PROBLEM:
Look through the material below and copy exactly the lines from the line with "Maou No Ore" to the line with "A Massim Lime Spatula (1 of 11)", those two lines included.

RECORDED DATA:
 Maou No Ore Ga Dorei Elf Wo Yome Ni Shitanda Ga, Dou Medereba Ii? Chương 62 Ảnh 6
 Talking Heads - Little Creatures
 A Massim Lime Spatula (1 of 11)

...

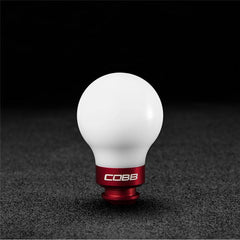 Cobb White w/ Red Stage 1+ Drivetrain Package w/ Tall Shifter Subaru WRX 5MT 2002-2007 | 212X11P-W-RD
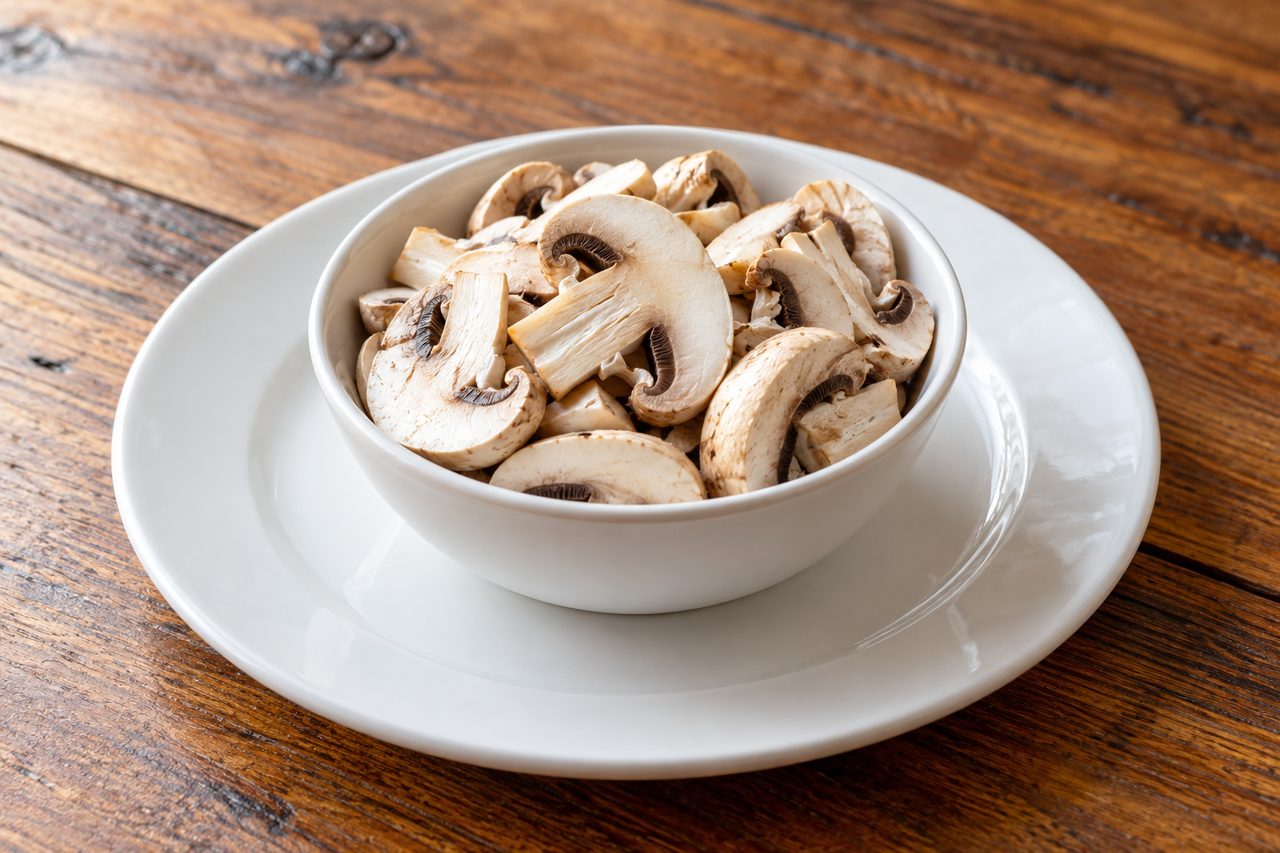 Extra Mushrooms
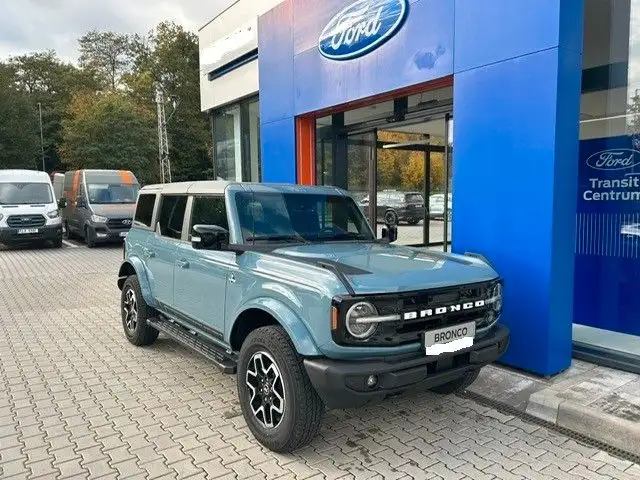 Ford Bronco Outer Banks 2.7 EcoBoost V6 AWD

---

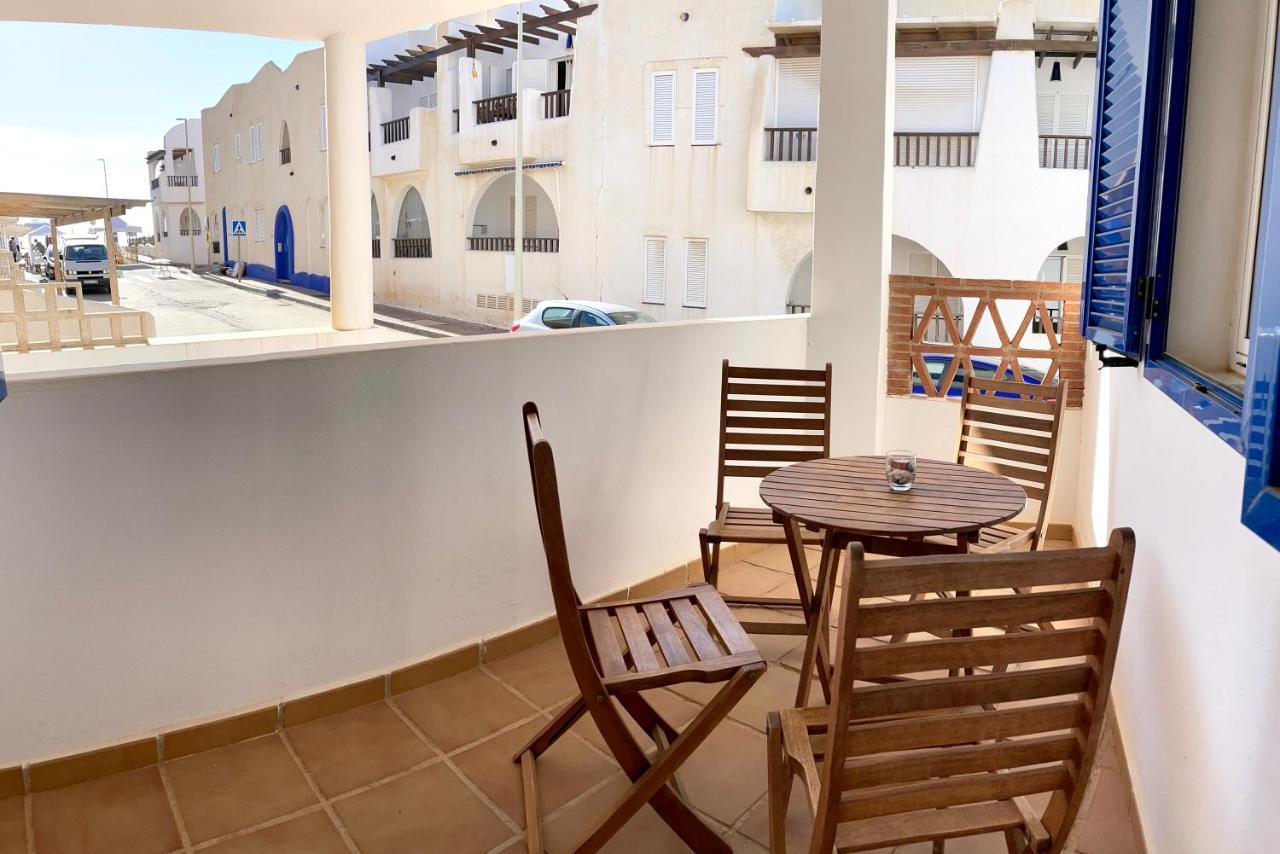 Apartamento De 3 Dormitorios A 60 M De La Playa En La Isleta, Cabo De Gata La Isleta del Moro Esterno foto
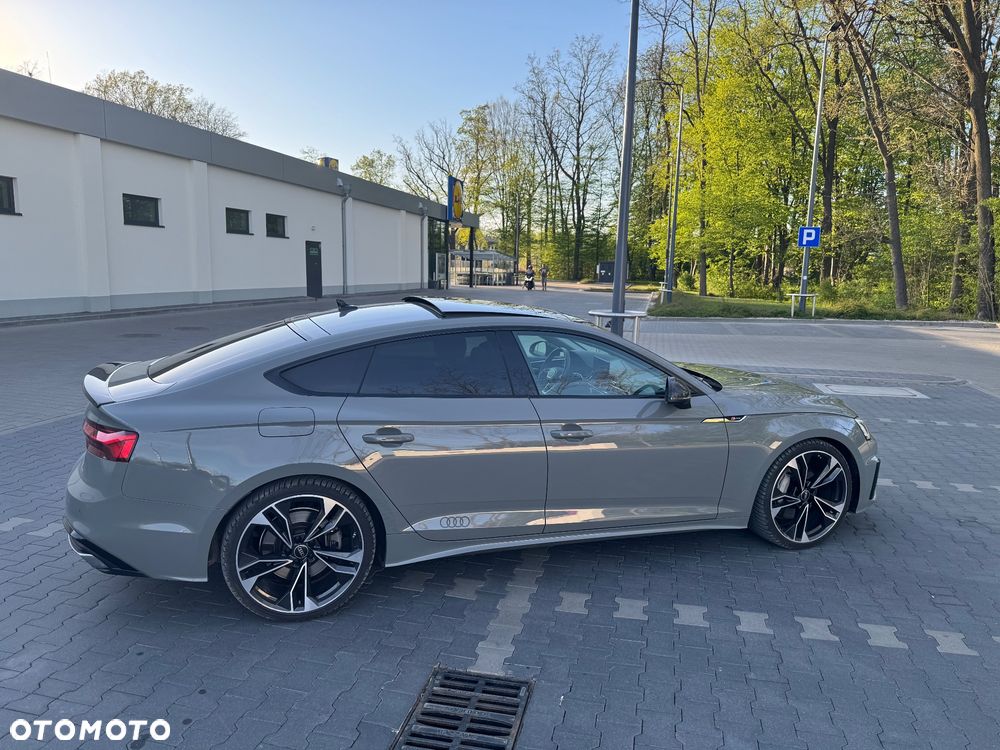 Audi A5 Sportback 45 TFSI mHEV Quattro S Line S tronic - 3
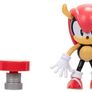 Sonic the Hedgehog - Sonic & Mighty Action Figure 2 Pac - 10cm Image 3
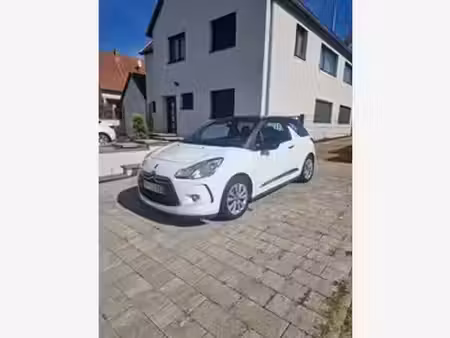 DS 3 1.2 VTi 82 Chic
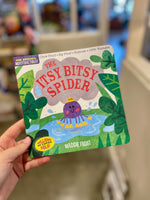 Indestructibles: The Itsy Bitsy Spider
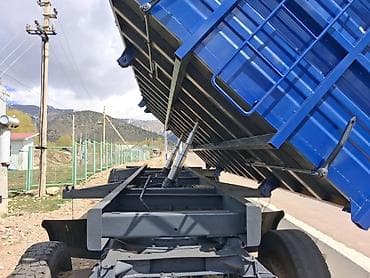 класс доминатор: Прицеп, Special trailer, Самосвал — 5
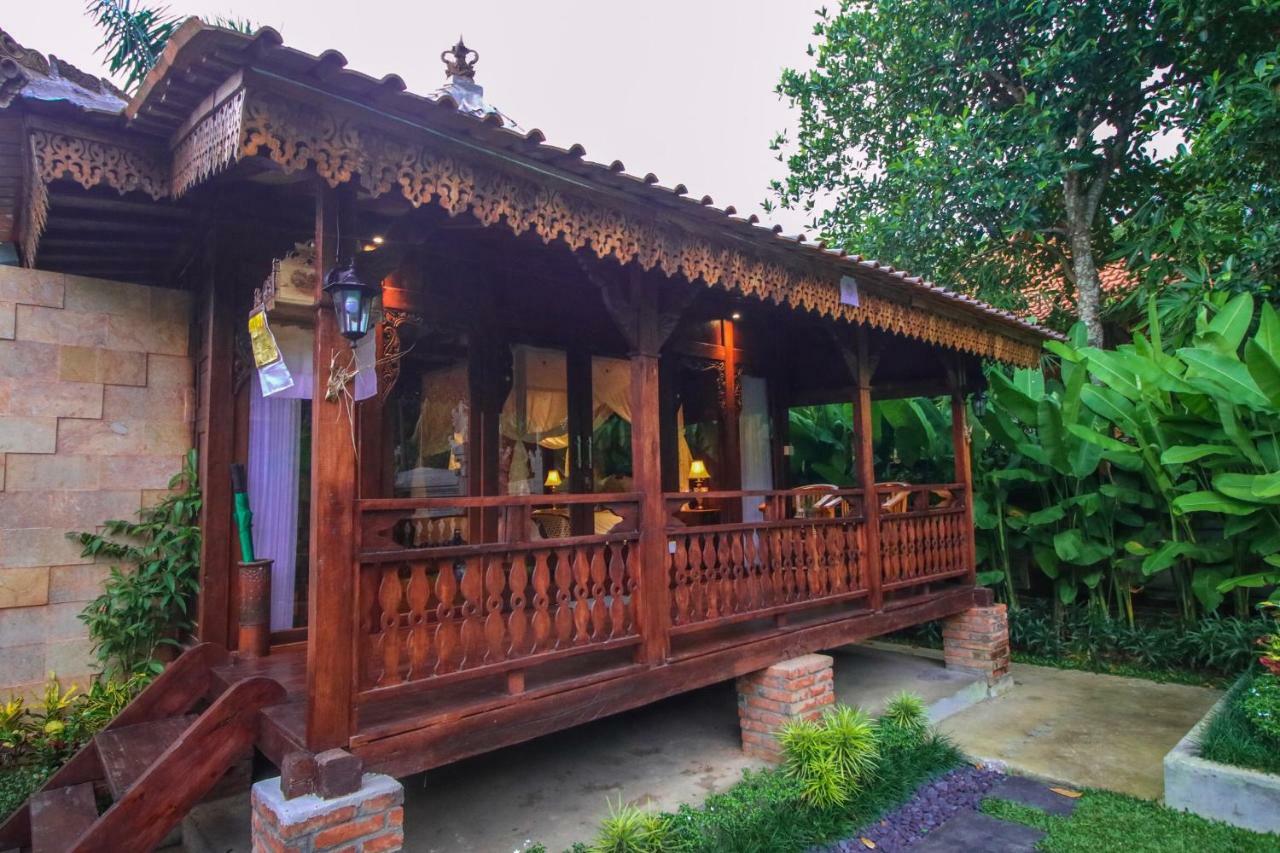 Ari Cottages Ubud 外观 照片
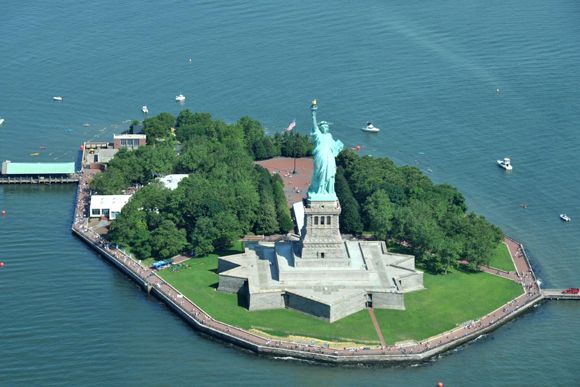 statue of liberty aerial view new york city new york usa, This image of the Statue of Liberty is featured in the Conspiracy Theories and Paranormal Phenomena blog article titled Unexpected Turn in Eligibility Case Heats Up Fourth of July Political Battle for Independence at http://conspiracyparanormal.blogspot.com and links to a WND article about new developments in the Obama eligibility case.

ANSWER AREA:
 Maou No Ore Ga Dorei Elf Wo Yome Ni Shitanda Ga, Dou Medereba Ii? Chương 62 Ảnh 6
 Talking Heads - Little Creatures
 A Massim Lime Spatula (1 of 11)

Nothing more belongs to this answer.